Teaching Robots to Learn from Experience

Learning Objectives

By the end of this lesson, you will be able to:

Explain the reinforcement learning framework (agent, environment, reward)
Describe Markov Decision Processes (MDPs)
Understand policy and value functions
Compare popular RL algorithms (PPO, SAC)
Describe NVIDIA Isaac Gym for robot learning

Prerequisites

Completed Advanced Navigation tier (A1-A2)
Basic understanding of neural networks
Python programming experience

Theory: What is Reinforcement Learning?

The RL Framework

Reinforcement Learning (RL) teaches an agent to make decisions by interacting with an environment and receiving rewards.

RL Training Loop

Alt-text: Diagram showing the reinforcement learning loop. The Agent observes State from the Environment, takes an Action based on its Policy, receives a Reward signal, and transitions to a new State.
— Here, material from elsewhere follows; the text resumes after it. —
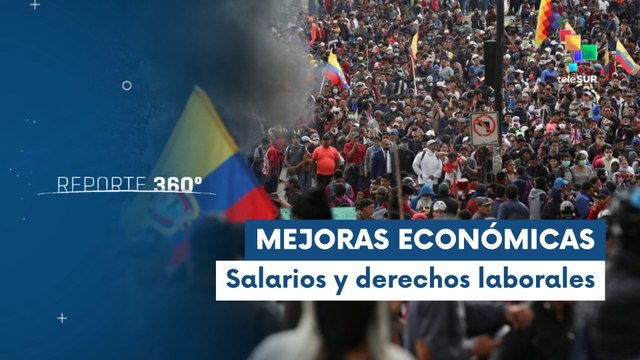 En Ecuador manifestantes exigen aumento salarial y respeto a derechos laborales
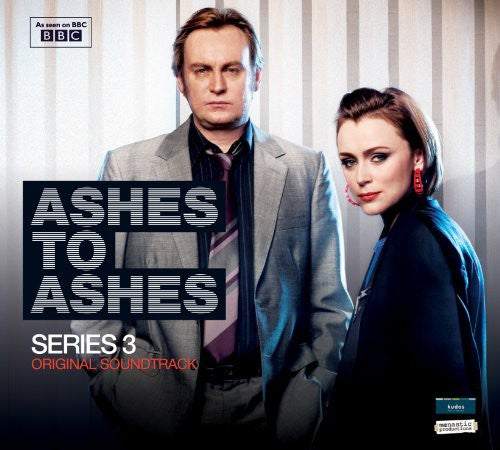 Ashes to Ashes: Series 3 / O.S.T.: Ashes to Ashes: Series 3 (Original Soundtrack)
This cycle repeats, with the agent learning to maximize cumulative reward over time.

Key Components

Component	Definition	Robot Example
Agent	The learner/decision-maker	Robot controller
Environment	The world the agent acts in	Simulation or real world
State (s)	Current observation	Joint positions, camera image
Action (a)	What the agent can do	Motor commands
Reward (r)	Feedback signal	+1 for reaching goal, -1 for collision
Policy (π)	Strategy: state → action	Neural network

The Goal

Find a policy that maximizes cumulative reward over time:

Maximize: E[R] = E[r₀ + γr₁ + γ²r₂ + γ³r₃ + ...]

Where γ (gamma) is the discount factor (0.99 typical), making future rewards less valuable.

Theory: Markov Decision Processes

MDP Definition

An MDP formalizes the RL problem:

S: Set of states
A: Set of actions
P(s'|s,a): Transition probability (physics)
R(s,a,s'): Reward function
γ: Discount factor

Markov Property

The future only depends on the current state, not the history:

P(s_{t+1} | s_t, a_t) = P(s_{t+1} | s_0, a_0, s_1, a_1, ..., s_t, a_t)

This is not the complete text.